Exercise brief
Transcribe only the part of the material below that begins at the line containing "Chevron Amethyst 23x31.2x7.4" and ends at the line containing "CHO THUÊ NHÀ MẶT TIỀN ĐS CHỢ TÂN MỸ Q7", with both kept and images left out.

Records provided

**********

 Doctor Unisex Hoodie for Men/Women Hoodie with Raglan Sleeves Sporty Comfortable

**********

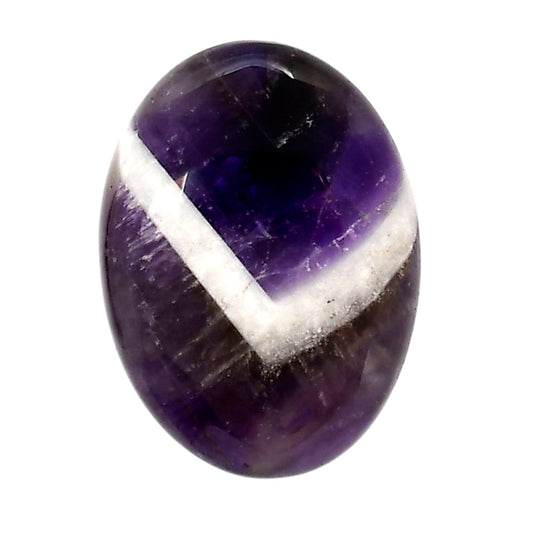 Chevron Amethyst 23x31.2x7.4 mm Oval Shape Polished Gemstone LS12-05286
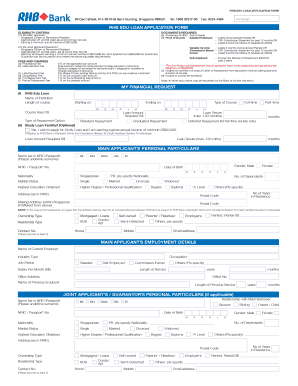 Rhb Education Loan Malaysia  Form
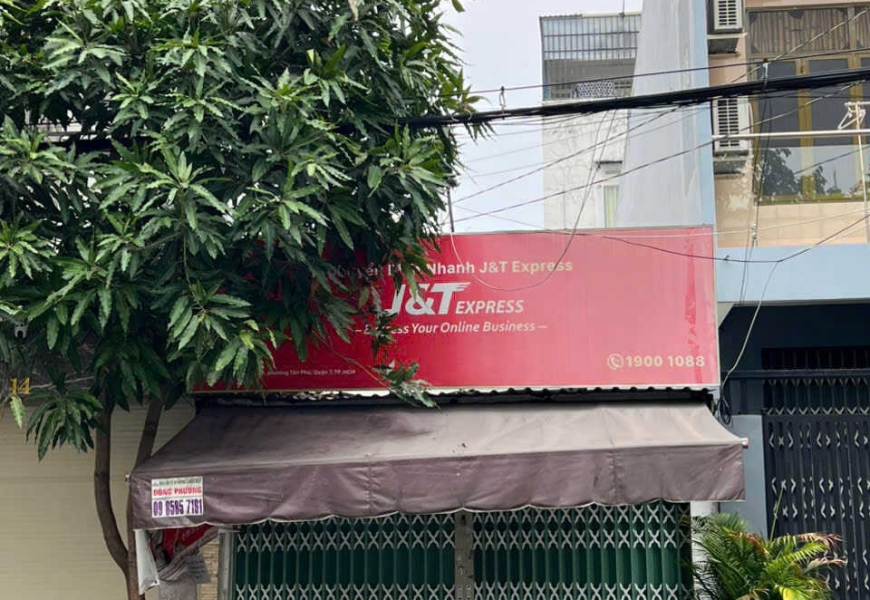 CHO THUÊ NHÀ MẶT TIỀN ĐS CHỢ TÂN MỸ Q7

**********

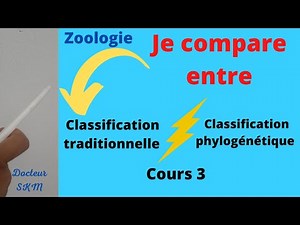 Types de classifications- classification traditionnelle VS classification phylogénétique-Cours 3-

**********

Task answer
 Chevron Amethyst 23x31.2x7.4 mm Oval Shape Polished Gemstone LS12-05286
 Rhb Education Loan Malaysia  Form
 CHO THUÊ NHÀ MẶT TIỀN ĐS CHỢ TÂN MỸ Q7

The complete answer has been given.